Eating fresh vegetables and fruits when and where they grow naturally provides plenty of benefits. Often, fresh produce is less expensive and more flavorful, and you’re helping local farmers flourish and, in turn, grow more fresh food to make available to more people.

Let the season determine your menu

“Seasonal is the way I learned how to cook, it’s a natural way of life, not a new concept,” says Tim LaBant, chef and proprietor of The Schoolhouse at Cannondale, a restaurant in Wilton, Conn., where each menu is based on what’s available that day. “Everybody in history before the 1900s has eaten seasonally. It’s more like going backwards to figure out what’s right. As you cook, you start to think about food and where it comes from. What’s important to me is keeping it seasonal and local; the more connected to the food I am, the more inspired I am.”

Creating seasonal dishes, says LaBant, just means that when strawberries or asparagus or corn are in season, you use them. “All foods have a season. As leaves change and I smell the first fire in a fireplace, I think about squash and pumpkin.
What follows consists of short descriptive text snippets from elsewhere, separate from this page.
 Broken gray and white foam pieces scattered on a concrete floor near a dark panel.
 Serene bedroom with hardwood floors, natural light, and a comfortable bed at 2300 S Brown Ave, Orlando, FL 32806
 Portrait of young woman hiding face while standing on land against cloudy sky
Like a kid getting excited around Christmas, in August I get excited about tomatoes,” he explains.

To taste firsthand the advantages of eating seasonal dishes, LaBant suggests buying two or three organic apples from small farms or fruit growers and the same number from the supermarket, and comparing how they taste. “If you’re eating an apple in the fall, it has a lot more flavor than the ‘super’ apple,” says LaBant, adding that it’s also good to support the small farmer who’s trying to grow food the healthy way.
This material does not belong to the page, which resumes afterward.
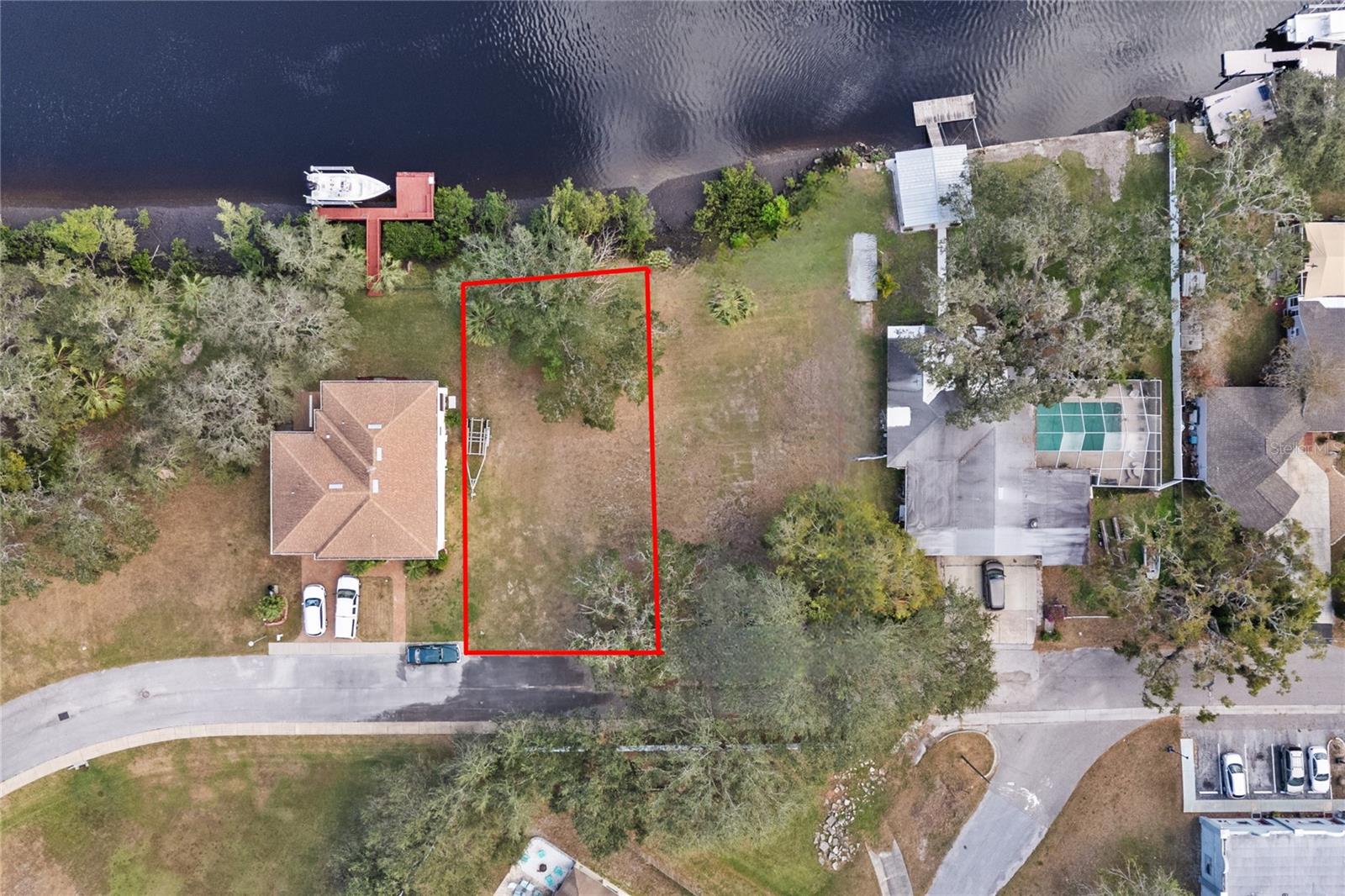 HIGH AND DRY on the PITHLACHASCOTEE (COTEE) River with easy deep-water access to the Gulf of Mexico. The waterfront lot elevation offers a rare opportunity to build on-grade, no stilt house. This will save tens of thousands in construction costs. A private gated community offers a peaceful, quiet and secure riverfront setting. Just add your own dock and lift. Deep water for large boats. Lot is cleared and ready for building. Located near downtown New Port Richey, just south of Main Street. New Port Richey is a golf cart friendly community offering numerous restaurants, breweries, Live theater, shopping, and entertainment. Music and festivals are held regularly at Sims Park. Local activities include Farmers Markets, craft shows and much more. Great kayaking up stream to Nature’s Own Parks. A short trip downstream towards the Gulf of Mexico takes you to several waterfront restaurants on the river. Whiskey River, Catches, Whiskey Joes, Hooters, to mention a few.. Bring your boat and build your waterfront dream house today. Tampa International Airport is a short 45 minutes away. Lot next door available for sale as well. MLS #W7870837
LaBant works directly with a local farmer who supplies three restaurants and a few families from her two-acre farm. He takes as much produce as he can, and then he creates his menu, depending on what foods he can get. On occasion, the produce mix might not yield enough ingredients for every salad, for example, to look identical on a given night, but each will have a great medley of fresh ingredients.

As a restaurateur, Labant can’t shut down in the dead of winter when there’s no fresh seasonal food available locally, but like the generations before him, he’ll switch to summer crops that were pickled or canned in preparation for the winter and to vegetables stored in a root cellar. He’ll then look at what’s in season in other parts of the country, like citrus from Florida fruit growers and pineapple from Hawaii where it’s actually growing in season. What he won’t serve is a dish that would be totally out of place in winter, like a summery salad. “With FedEx, we have the ability to get ingredients from anywhere [in the world], but if you put blinders on and work only with what you have, you’re forced to be creative.” And a better cook.

LaBant translates his approach for the home cook this way: “Try not to come up with the perfect recipe, then force the ingredients into that recipe.” In other words, let what’s fresh and available determine your meals — don’t decide to make a peach cobbler in January when peaches aren’t in season.